1) Not
checking with the city regarding planned street improvements.
Most
cities will resurface, improve, or significantly change busy thoroughfares at
some point. These changes will clearly affect retail or personal service
providers more than heavy industrial users, but keep in mind that a new median
in a light industrial area can significantly change the way trucks and semis
access even an industrial property.
Road
construction can easily last a full spring or summer. A small retail business
can easily get crushed during the 3 or 4 month period access is restricted to
their customers.
The
solution to this is spending the time to check with the city’s engineering office
about upcoming traffic disruptions. The hour spent at the City prior to making
an offer is well worth the thousands of dollars of potential business
disruptions.
2) Not
buying a building that allows for growth
A result of a successful
business is often the need to grow floor space, storage, production area, etc. Buying
a building that does not have enough dirt or ability to expand in some way can
be a bottle neck for continued growth. Commercial property usually takes some
time to sell for full market price, so keep in mind that any building purchased
may stick around for awhile.
To avoid this trap, be
sure to buy a property that has less than a 1 to 5 building/land ratio for
expansion. Another solution is to buy a property that has or could have an
additional tenant sharing the building. The additional rent will support the
building payments while you grow. As lease(s) expire, expansion is an option.
3) Not
putting enough equity into the deal.
This mistake is harder
to do today with the recent recession fresh in lenders’ minds.

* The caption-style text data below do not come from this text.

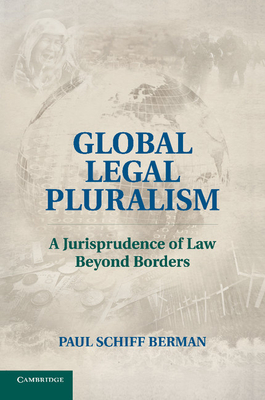 Global Legal Pluralism: A Jurisprudence of Law beyond Borders - Berman, Paul Schiff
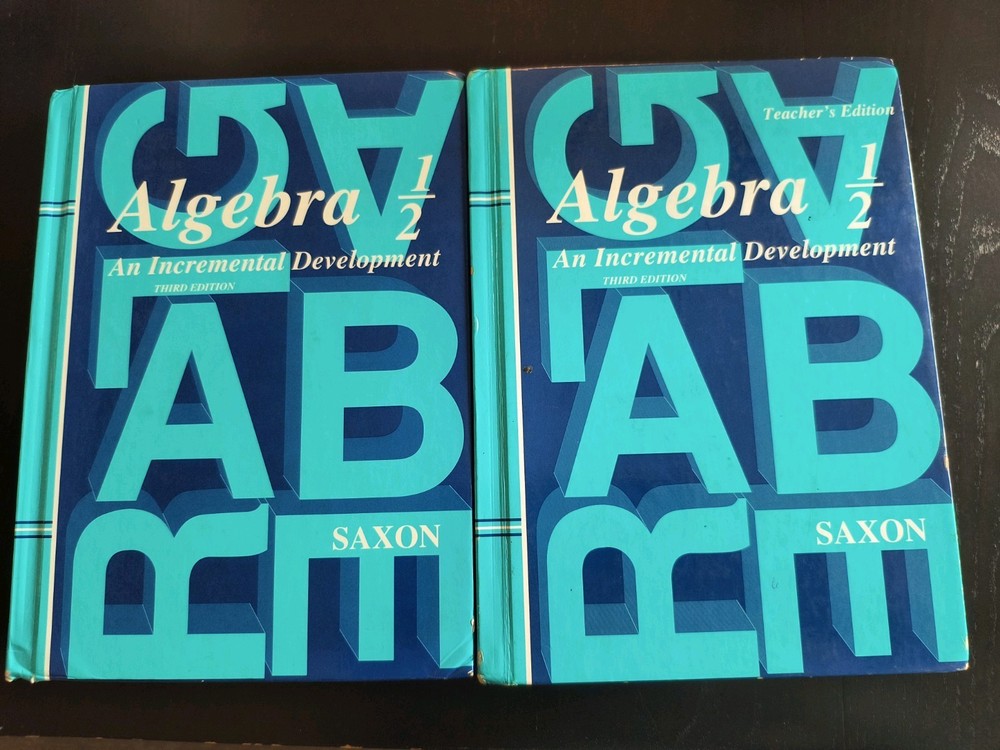 Saxon Algebra 1/2 Student Book And Teacher Edition Third Edition 2004 Hardcover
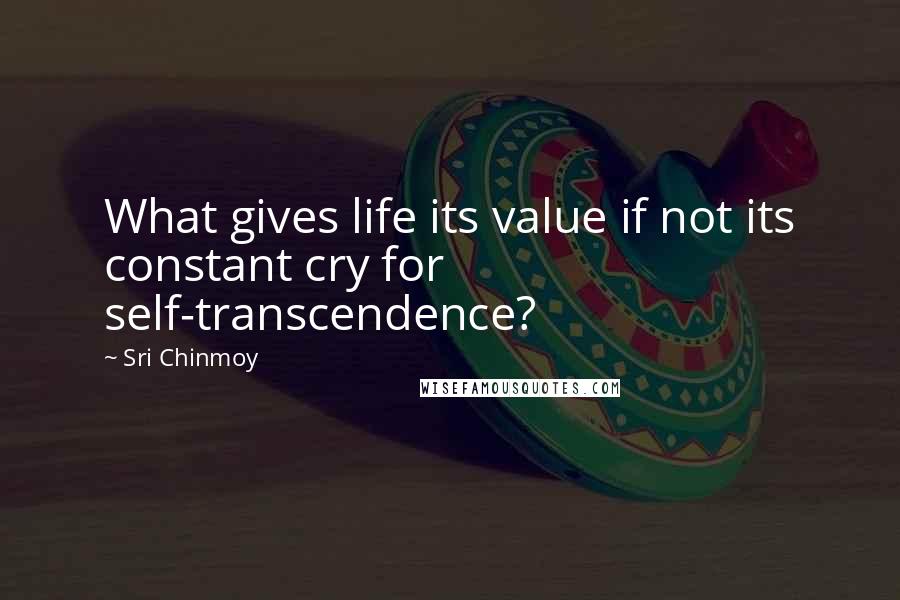Sri Chinmoy Quotes: What gives life its value if not its constant cry for self-transcendence?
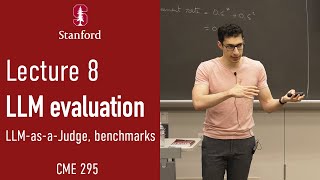 Stanford CME295 Transformers & LLMs | Autumn 2025 | Lecture 8 - LLM Evaluation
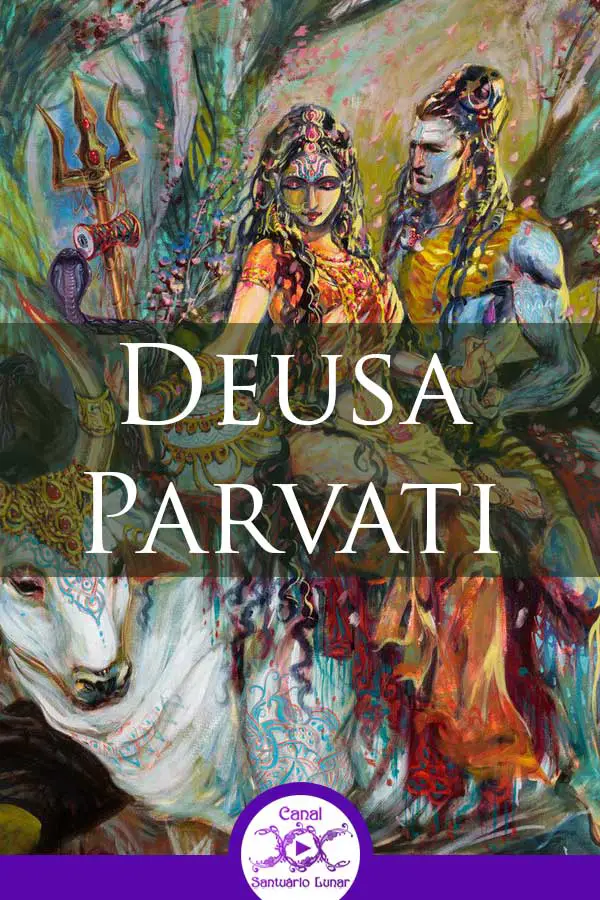 Deusa Parvati - Deusa Hindu do Amor e do Casamento (Pinterest)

However I
encourage owner occupants to put as much equity into the deal as possible to
provide a good margin of error. While the general economy probably will not
blow up in the next several years (we hope!), remember that certain industries
are dealing (or will deal) with paradigm shifts and new competitors. Sometimes
having strong balance sheet is the best way to buy time for adaption or
addition of new products or services to maintain profitability. Crushing
principle and interest payments don’t help a business in transition.